Since 2008, all sorts of stocks have moved in lockstep, with companies of all stripes being alternately rewarded or punished with rising or falling stock prices -- completely apart from the inherent value of the stock. But that trend may be on the way out.
From the story "Global stock correlations plunge as Morgan Stanley buys":
A measure of how much the 2,073 companies in the FTSE All-World Developed Index (FTAD01) swing in unison has dropped 31 percent since June, the biggest retreat since at least 1993, according to data compiled by Societe Generale SA and Bloomberg. The indicator ended last month at the lowest level since 2007.
The latest reading of Societe Generale's indicator shows that fears of global risk could be abating, but looser ties among asset classes may not hang around for long, according to Bloomberg.
"Lower correlations won't last because threats to the global economy haven't disappeared, according to Supriya Menon, who helps oversee $400 billion as a strategist at Pictet & Cie. in Geneva," Bloomberg reports.
Boosting the benefits of diversification
In the market downturn that began in 2008, nearly every asset class got smashed. Unless you were heavily invested in cash and very safe Treasuries, it's unlikely your portfolio emerged unscathed.

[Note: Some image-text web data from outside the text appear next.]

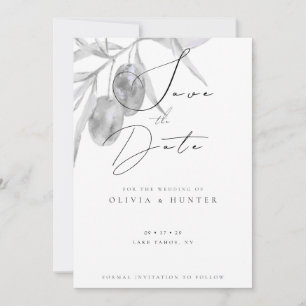 Watercolor Olive Branch Wedding Save the Date Card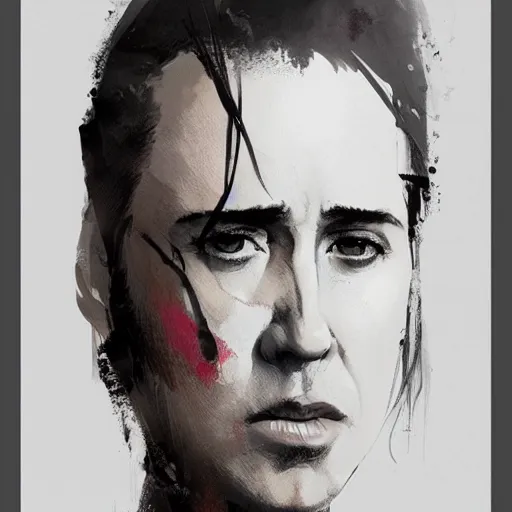 Image similar to portrait of Nicolas Cage as a woman, dramatic lighting, illustration by Greg rutkowski, yoji shinkawa, 4k, digital art, concept art, trending on artstation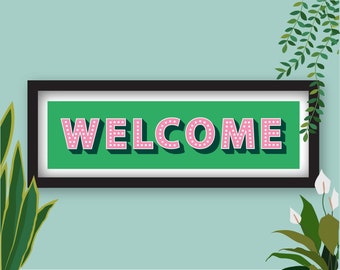 Welcome Print, Framed Welcome Print, Welcome Panoramic Print, Welcome Sign, Hallway Decor, Hallway Prints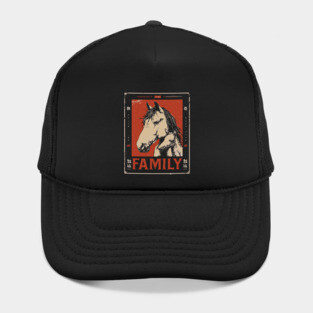Horse Family - Rustic Vintage Ukiyo-e Design Hat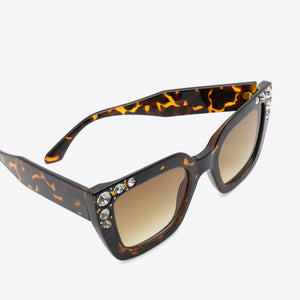 Inlaid Rhinestone Polycarbonate Sunglasses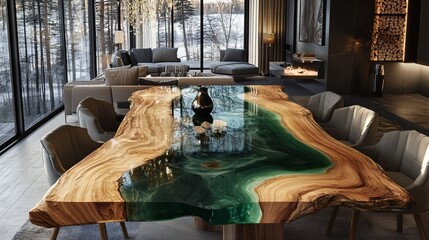 Poster - Luxurious modern living room with unique epoxy resin river table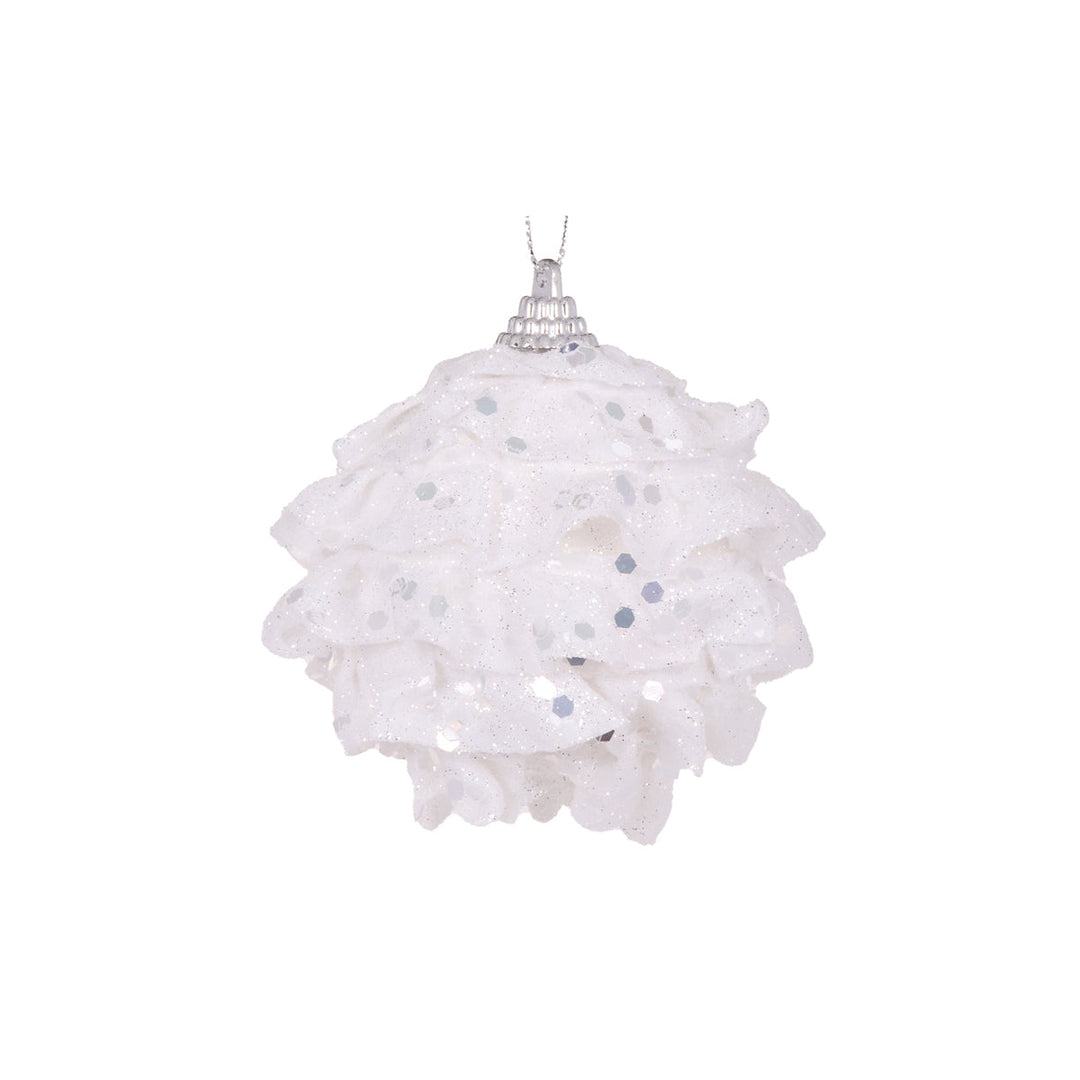 Mini White Ruffles Bauble 8cm D Polyfoam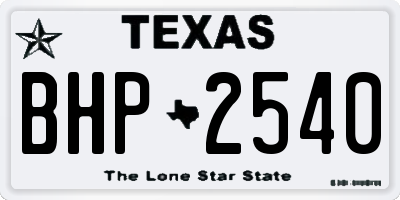 TX license plate BHP2540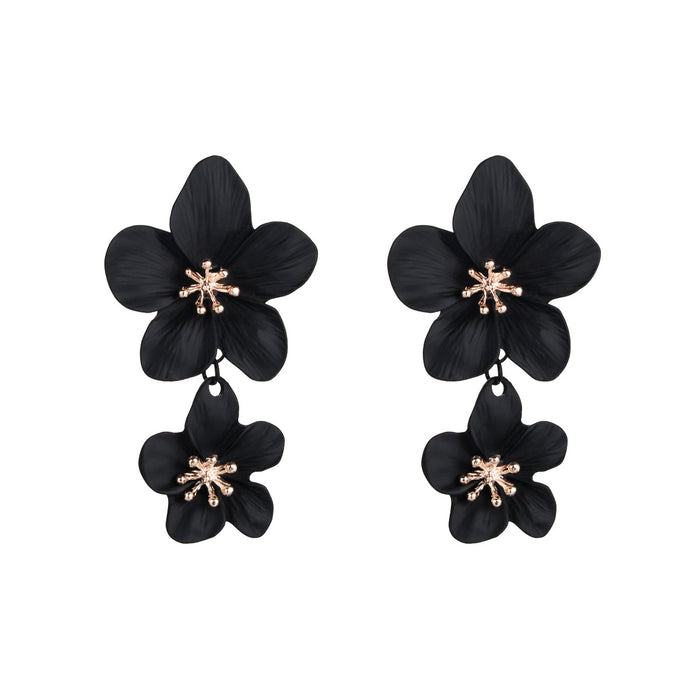 Jewelry WholesaleWholesale flower double layer long green alloy earrings JDC-ES-HEM002 Earrings 和鸣 %variant_option1% %variant_option2% %variant_option3%  Factory Price JoyasDeChina Joyas De China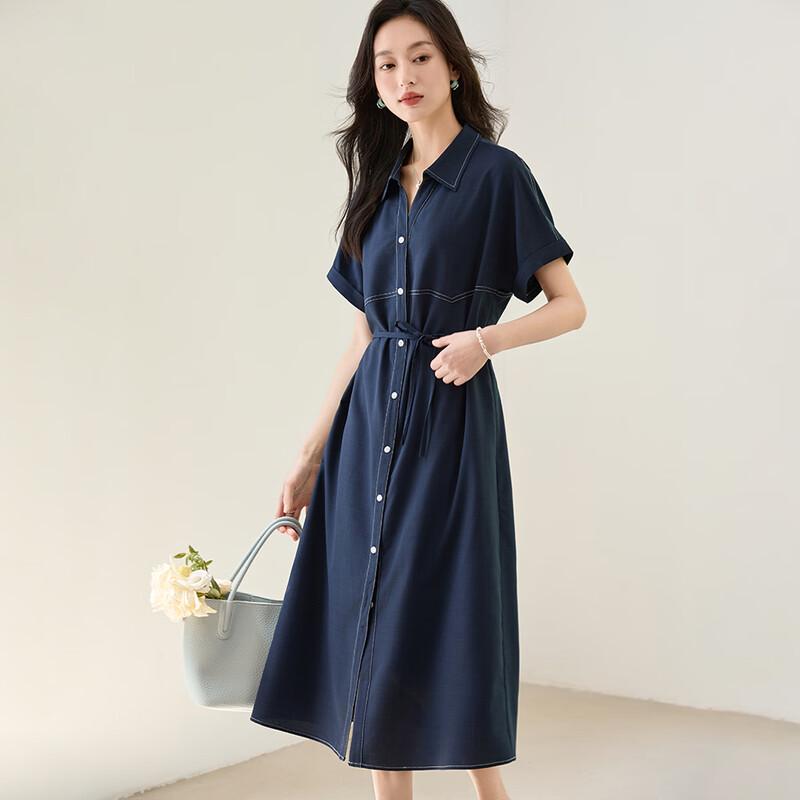 Women's Loose Fit Lapel Shirt Dress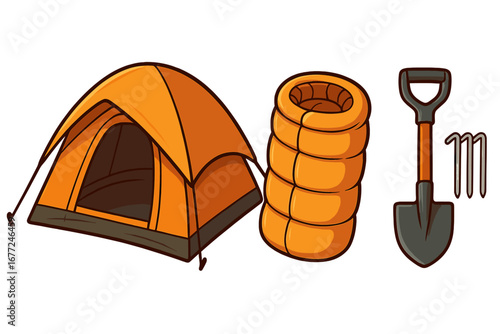 Essential camping gear set for outdoor adventure and tourism. Vector icon collection with tent, sleeping bag, shovel, and stakes for summer trips, hiking, and travel.
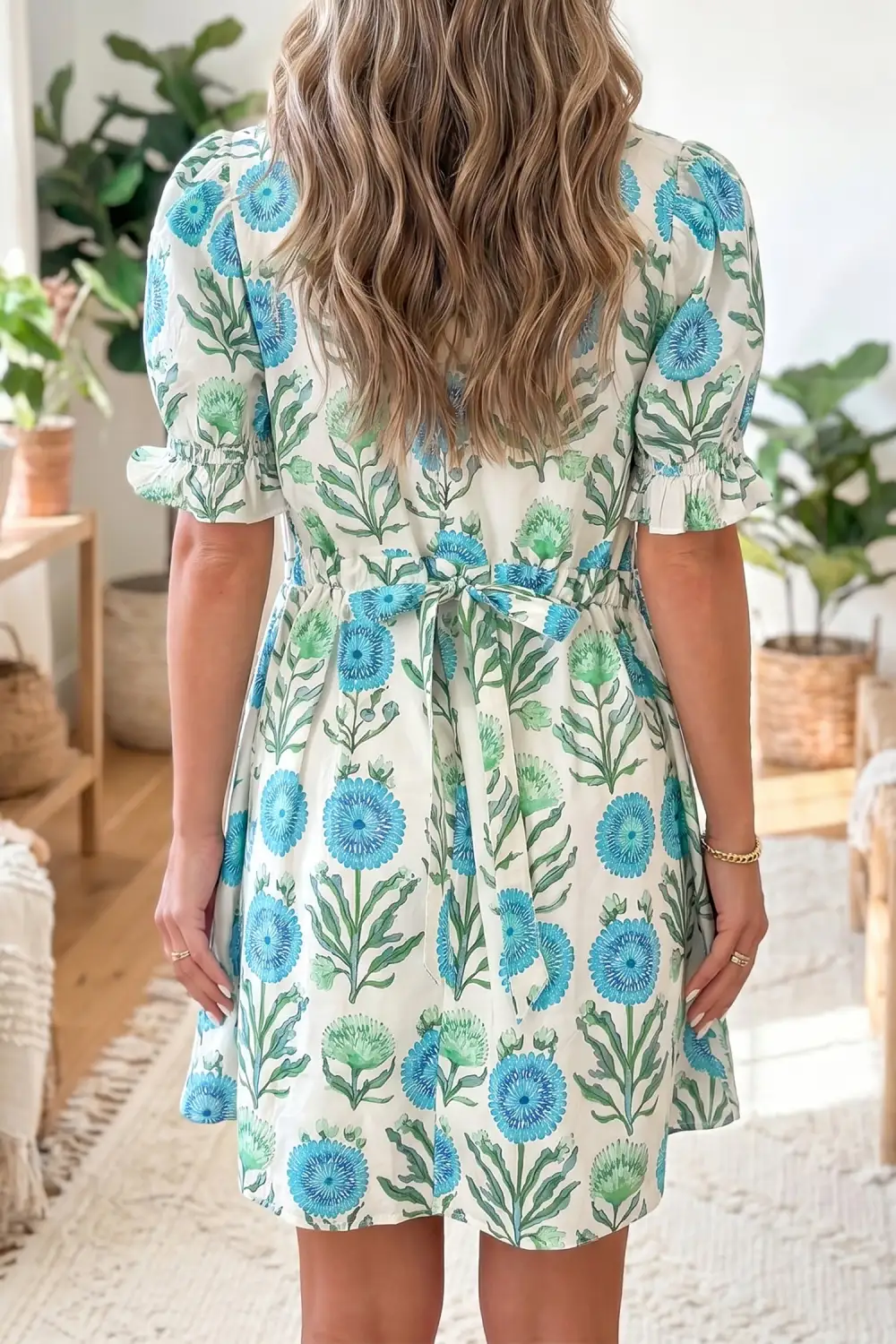 Women's Floral Print Short Sleeve Half Button Frilled Dress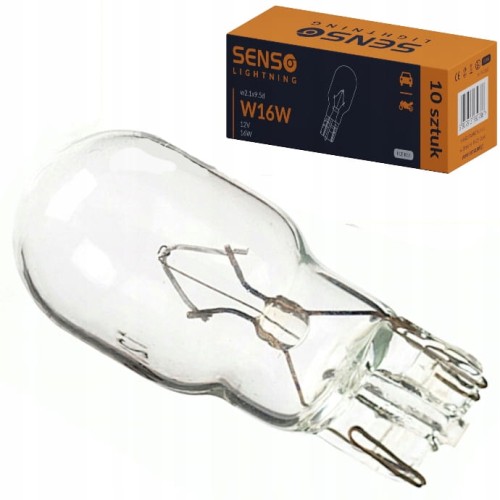 ŻARÓWKA SENSO W16W T15 12V w2.1x9.5d x10sztuk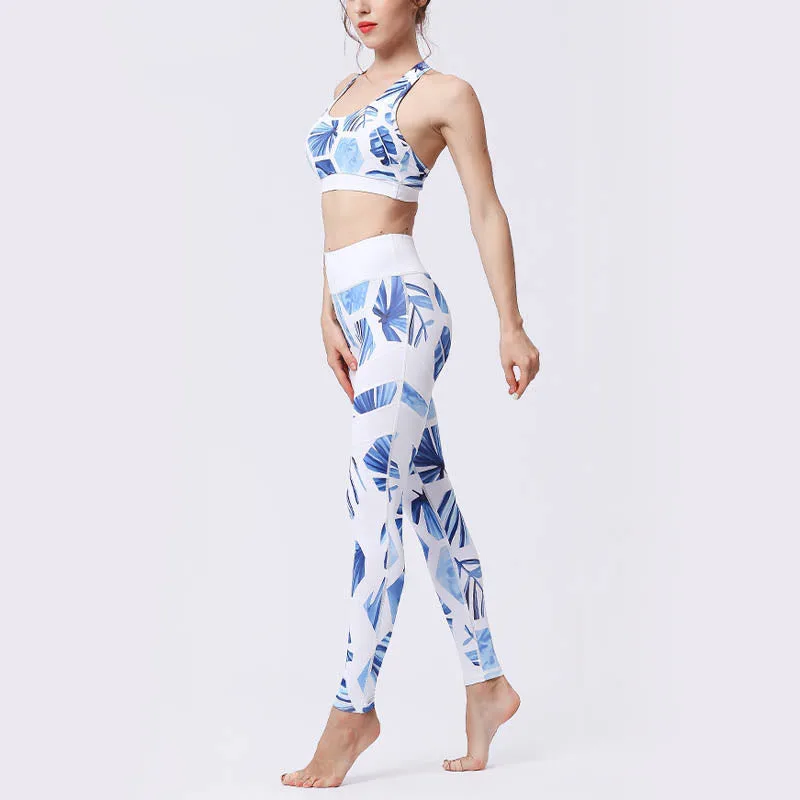 Mythstone Flower Petal Leaves Print Sports Exercise Fitness High Waist Leggings Women's Yoga Pants - Image 42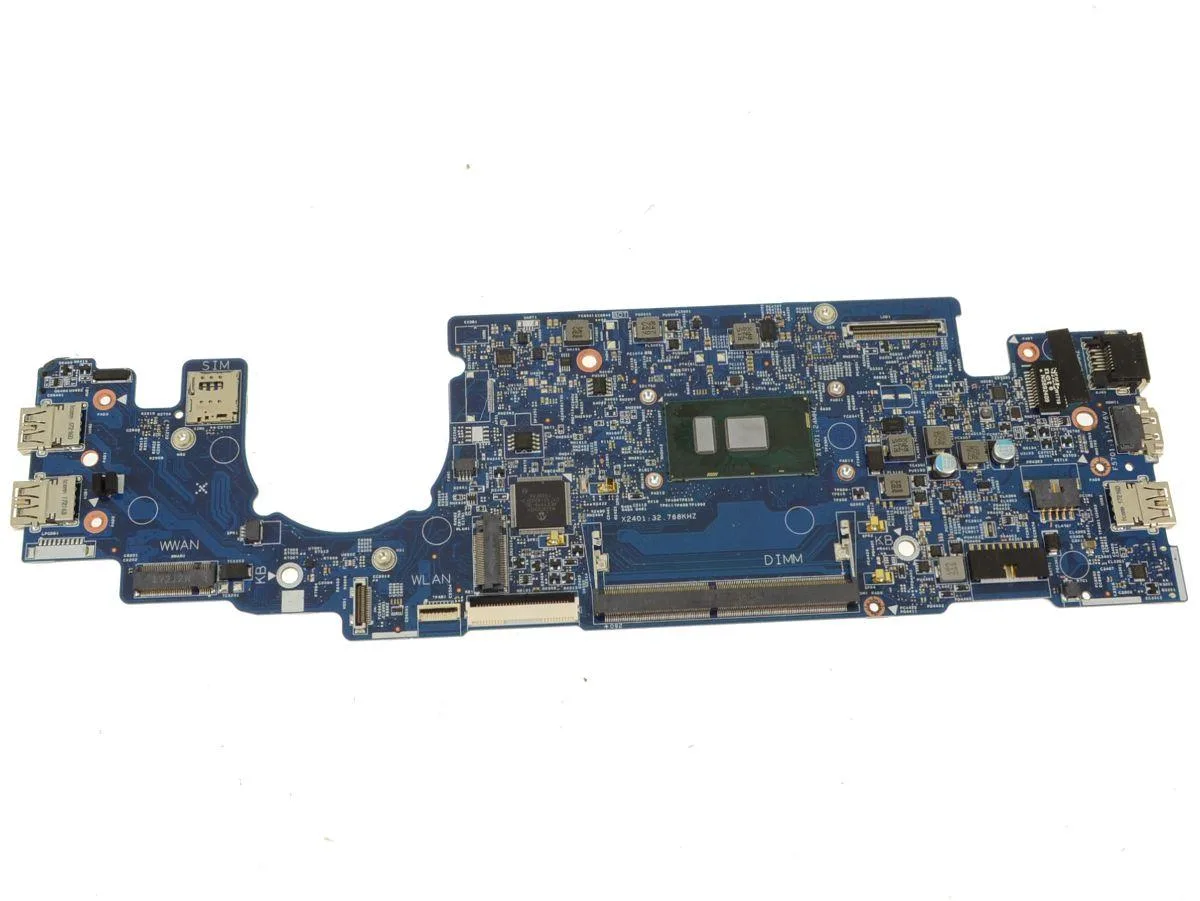 Green Dell laptop motherboard with integrated i5 CPU, part 63JCX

In the ensuing years of linked returns among asset classes, the obvious conclusion might have been: What's the point of diversification? Highly diversified portfolios were likely less dented in the 2008-2009 market crash than an all-stock portfolio, and they were more likely to experience higher growth in the aftermath than an all-cash portfolio, according to Fidelity Investment's Viewpoints article from last October, "The pros' guide to diversification."
From the story:
While it may have felt like diversification failed during the downturn, it didn't. The major asset classes are not perfectly correlated, only more highly correlated. There's a difference -- it means that diversification still helped contain portfolio losses, only the benefit was lower than before the market decline.
While rising correlations indicate a heightened sensitivity to risk, the opposite is also true: Falling asset correlations indicate that markets may be putting aside the hair trigger, which could be a sign of good times on the horizon for the stock market -- or at least a more "normal" environment.
"When asset classes are tightly correlated, that is indicative of a market top. That's when the market becomes dangerous," says Jeff Sica, president and chief investment officer of Sica Wealth Management in Morristown, N.J.
When everything goes up at the same time, more than likely it will all go down at the same time as well.
"When there is more balanced correlation, stocks will appreciate as bonds decline, and commodities will be completely uncorrelated. That's when you see a healthy market, and it's more indicative of where the market should be," says Sica.